Affaire Benalla : le Sénat a-t-il dépassé ses prérogatives ? (Dominique Rousseau, professeur de droit)

 

 

Le Sénat a-t-il dépassé ses prérogatives comme l’indique le premier ministre ? Dominique Rousseau, professeur de droit constitutionnel à l’université de Paris I  Panthéon Sorbonne, donne son interprétation sur France Info

Le Sénat a-t-il porté atteinte à la séparation des pouvoirs en émettant des propositions sur l’organisation de l’Elysée ?

Dominique Rousseau : Non, on ne peut pas parler ici d’atteinte à la séparation des pouvoirs. Il y aurait atteinte à la séparation des pouvoirs si le Sénat demandait des comptes sur le contenu de la politique du président de la République, s’il remettait en question des mesures qu’Emmanuel Macron a prises comme la suppression de l’impôt sur la fortune ou la hausse des droits universitaires pour les étrangers. Mais là, le Sénat se contente de faire des recommandations sur l’organisation de l’Elysée en pointant des dysfonctionnements, et en préconisant davantage de transparence. Ces recommandations concernent uniquement l’administration de la présidence de la République. Donc, elles ne portent pas atteinte à la séparation des pouvoirs.

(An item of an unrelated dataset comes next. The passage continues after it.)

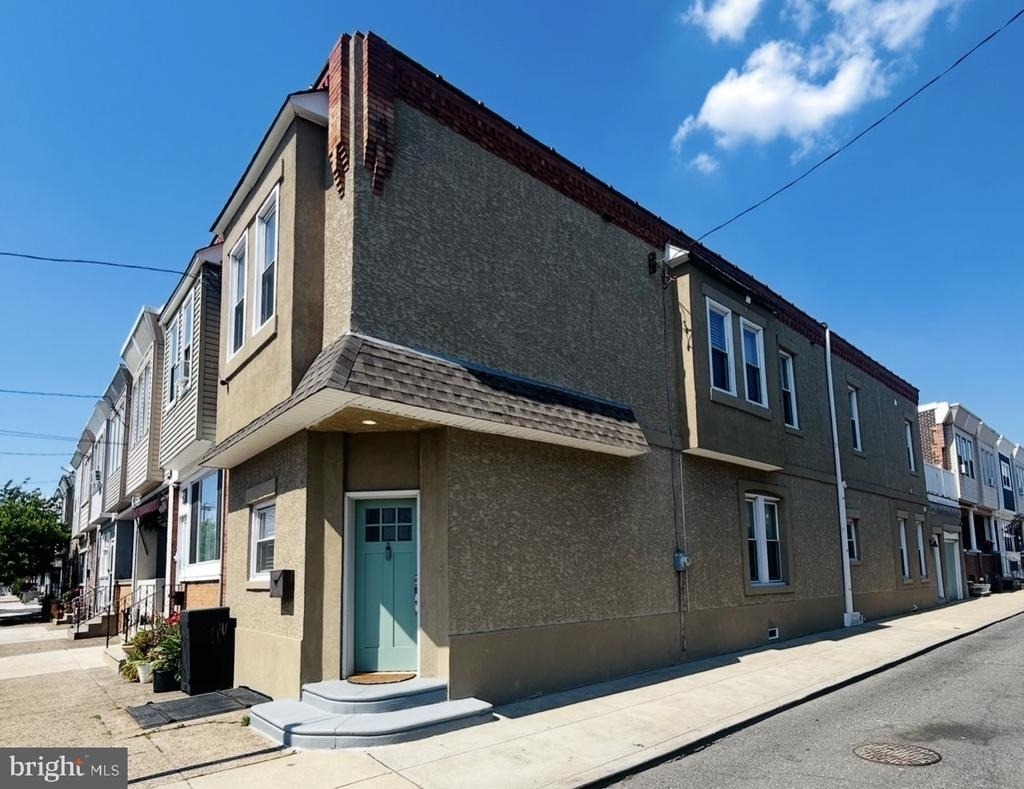 2619 E Ontario Street - Photo 2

De la même façon, et au nom de la même conception de ce qui relève ou non de la séparation des pouvoirs, j’ai défendu une interprétation de la Constitution selon laquelle Emmanuel Macron pouvait être auditionné par la Commission d’enquête du Sénat. Que dit en effet l‘article 67 de la Constitution? Il dit que le président de la République ne peut être auditionné ni par une juridiction, ni par une autorité administrative. Une commission d’enquête du Sénat n’est ni l’une ni l’autre. Et le président est bien le responsable en dernière instance de l’administration de l’Elysée, au-dessus du secrétaire général. On ne lui demande pas des comptes sur la politique qu’il conduit, mais sur l’organisation de son administration.

Donc, selon vous, le Sénat ne sort pas de son rôle ?

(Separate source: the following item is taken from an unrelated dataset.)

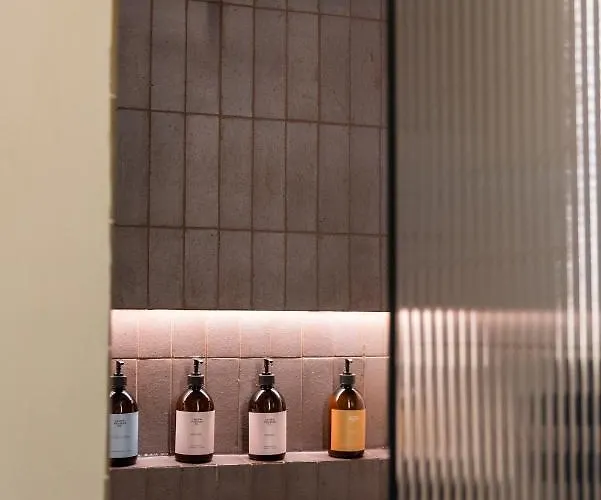 Joivy Contemporary With Free Parking Holiday home Edinburgh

Non, pas plus que le président de la République ne porte atteinte à la séparation des pouvoirs quand il prône la diminution du nombre de députés ou de sénateurs, ou quand il veut accélérer le processus législatif ou interdire le cumul des mandats.

Personne n’a poussé les hauts cris à ce moment-là, et le principe de la séparation des pouvoirs, à juste titre, n’a pas été évoqué. Les sénateurs n’ont pas à reprocher au président de s’immiscer dans les affaires du Parlement parce qu’il veut diminuer le nombre de parlementaires. De la même façon, le Sénat ne sort pas de son rôle quand il parle d’éthique ou de droit du travail dans l’organisation de l’Elysée.

Pourquoi le Sénat s’attire-t-il les foudres du gouvernement ?

Il faut rappeler que la fonction première du Parlement n’est pas de voter la loi, mais de contrôler l’action de l’exécutif et l’utilisation des deniers publics. Avec la commission d’enquête sur l’affaire Benalla, le Sénat retrouve cette fonction du Parlement oubliée trop longtemps. Comme l’Assemblée nationale est soudée à l’exécutif par la grâce du scrutin majoritaire à deux tours [qui facilite les majorités tranchées, d'autant plus depuis que les législatives sont organisées dans la foulée de la présidentielle depuis l'instauration du quinquennat en 2002], le contre–pouvoir passe nécessairement par le Sénat.

Or le Sénat, lui, ne donne pas de majorité automatique à l’exécutif et c’est vrai depuis longtemps. C’est le Sénat qui se mobilise pour fait tomber le général De Gaulle en 1969, avec Alain Poher prenant la tête du « cartel des non » au référendum [perdu par le général De Gaulle et portant précisément sur la réforme du Sénat]. Et faire le tomber le général De Gaulle, ce n’était pas rien ! C’est le Sénat encore qui a bloqué les réformes voulues par le président François Mitterrand sur l’extension du référendum.

Ce contre–pouvoir a constamment provoqué l’irritation de l’exécutif contre une chambre qu’il n’a jamais réussi à contrôler. Car le Sénat a toujours été dans l’opposition à l’exécutif, parfois sous une forme forte, comme on l’a vu avec le général De Gaulle, parfois sous une forme plus douce, comme c’était le cas contre Valéry Giscard d’Estaing. Tous les contre–pouvoirs agacent, mais sans contre–pouvoirs, il n’y a pas de démocratie.